The privately run zones, intended to be oases of world class infrastructure in a country where power and water shortages are routine, are drawing fire over the lucrative tax breaks they offer and the way land is being acquired and used.
The government has cleared 150 applications from foreign and domestic companies and 225 are in the pipeline, Ministry of Commerce Secretary Gopal Pillai says.
The Congress-led government estimates the zones, inspired by the SEZs set up a quarter century ago in China that helped drive its rapid industrial growth, will create at least 2 million jobs and draw billions of dollars of investment in coming years.
But despite this, the Cabinet cannot agree whether the zones will be a money spinner or a drain on government coffers.

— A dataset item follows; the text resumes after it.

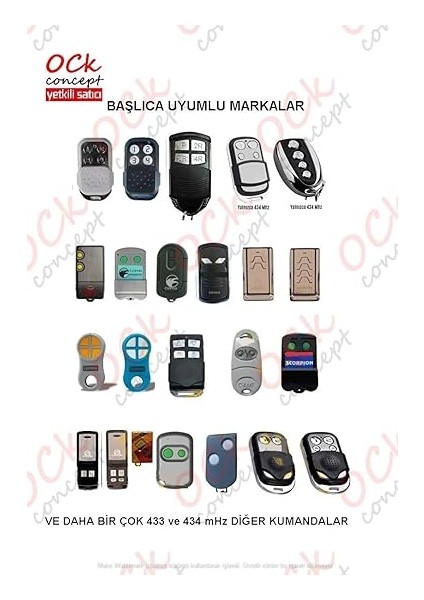 Garaj Kumandası Wicom UK44 - 4 Tuşlu 433MHZ (Kodlanabilir ve Koplayanabilir Kumanda) modelleri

The finance ministry says the tax holidays and other perks offered by the zones will divert existing or planned investment into these zones. It calculates the resulting loss in direct taxes, customs and excise duties at a massive 900 billion rupees or US$19.5 billion by 2009-2010.

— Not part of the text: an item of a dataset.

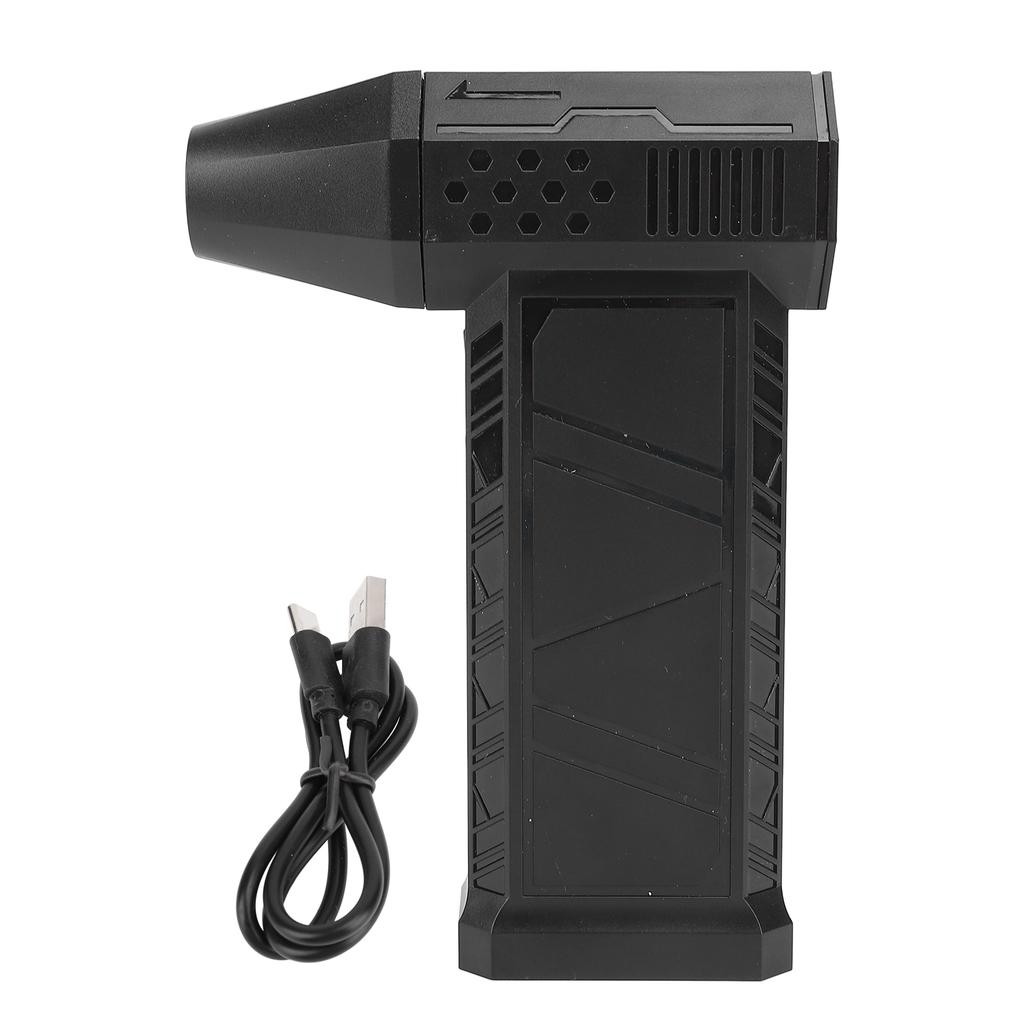 Turbofan Blower 3 Speeds Adjustment Brushless High Speed Motor 45m s Strong Airflow Portable Jet Dry Blower Black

Even the IMF has expressed doubt about the zones.
"Overall it [the tax concessions] becomes yet another giveaway that the government cannot afford," IMF chief economist Raghuram Rajan says.
Commerce Minister Kamal Nath insists that the zones will earn the treasury billions of rupees in the next few years "by acting as a trigger and catalyst for economic activity."
Another bone of contention is that only 35 percent of land has to be devoted to industrial activity and the remaining 65 percent can be used for commercial complexes or housing projects -- raising fears the zones could become a real estate gold rush.
"Why should incentives be given to real estate developers in the name of SEZs?" asks Communist leader Sitaram Yechury, whose party helps prop up the government in parliament.
A Morgan Stanley report suggests that "many of the applications are being made in a rush to just block the land."
The concept behind India's SEZs is simple.
Keen to become more competitive with rivals like China in drawing global investment but lacking the political muscle to bring about rapid improvements in water, power supplies and transport, the government decided to allow the private sector to set up SEZs.
In return for establishing the infrastructure, SEZ developers would be offered tax breaks.
But as the details emerged, "what had begun as zones that might help exports began to look like an idea for company towns with tax benefits which would yield mega-profits for developers," Business Standard editor T.N. Ninan says.